Pour cette sœur cadette qui est debout à côté de la fiancée, qui l’embrasse et qui s’afflige sur son sein, c’est un personnage tout à fait intéressant. Elle est vraiment fâchée de se séparer de sa sœur, elle en pleure ; mais cet incident n’attriste pas la composition ; au contraire, il ajoute à ce qu’elle a de touchant. Il y a du goût, et du bon goût, à avoir imaginé cet épisode.

Les deux enfants, dont l’un, assis à côté de la mère, s’amuse à jeter du pain à la poule et à sa petite famille, et dont l’autre s’élève sur la pointe des pieds et tend le cou pour voir, sont charmants ; mais surtout le dernier.

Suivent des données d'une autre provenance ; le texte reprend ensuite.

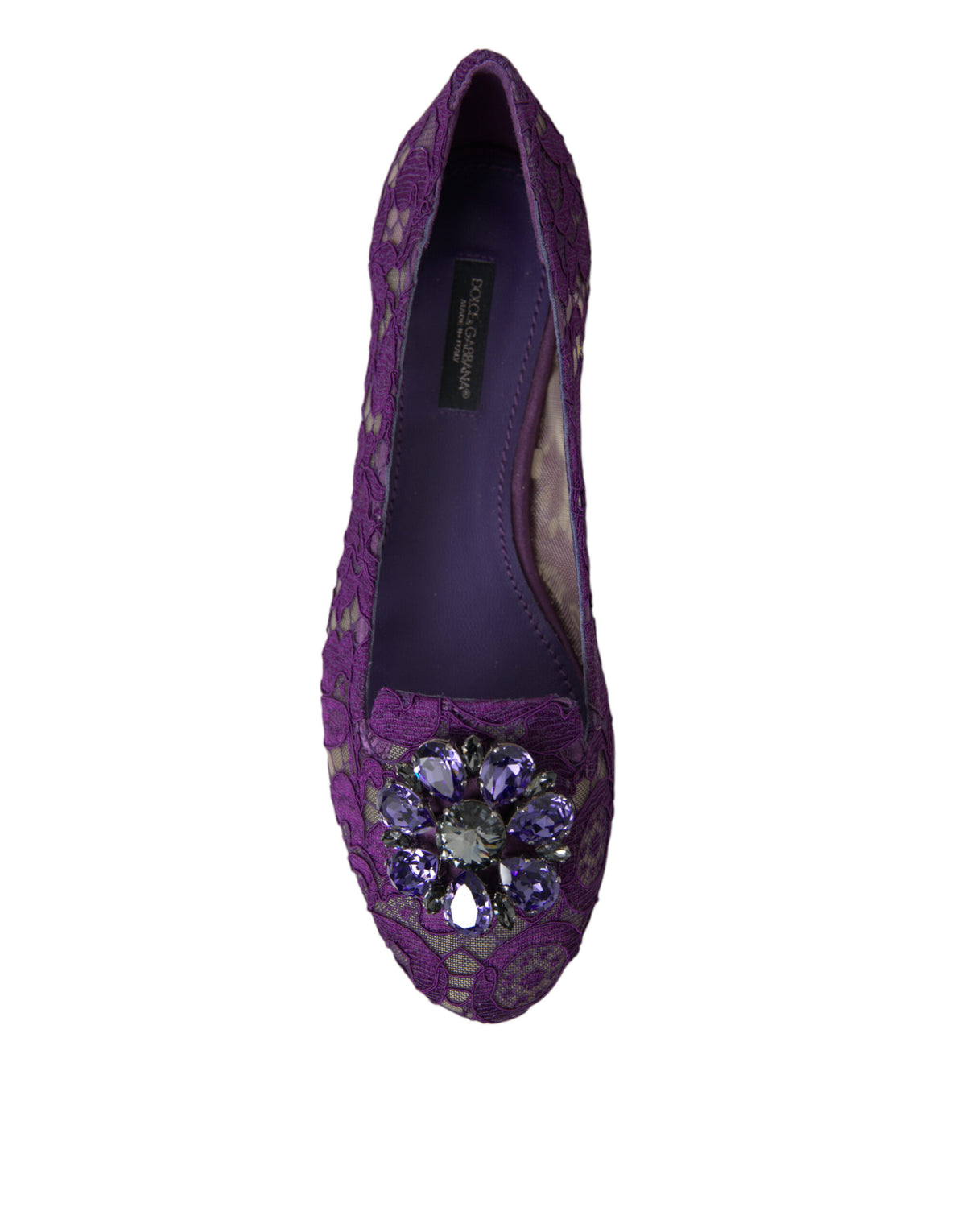 Dolce & Gabbana Purple Vally Taormina Lace Crystal Flats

Les deux servantes, debout, au fond de la chambre, nonchalamment penchées l’une contre l’autre, semblent dire, d’attitude et de visage : Quand est-ce que notre tour viendra ?

Et cette poule qui a mené ses poussins au milieu de la scène, et qui a cinq ou six petits, comme la mère aux pieds de laquelle elle cherche sa vie a six à sept enfants, et cette petite fille qui leur jette du pain et qui les nourrit ; il faut avouer que tout cela est d’une convenance charmante avec la scène qui se passe, et avec le lieu et les personnages. Voilà un petit trait de poésie tout à fait ingénieux.

C’est le père qui attache principalement les regards ; ensuite l’époux ou le fiancé ; ensuite l’accordée, la mère, la sœur cadette ou l’aînée, selon le caractère de celui qui regarde le tableau, ensuite le tabellion, les autres enfants, les servantes et le fond. Preuve certaine d’une bonne ordonnance.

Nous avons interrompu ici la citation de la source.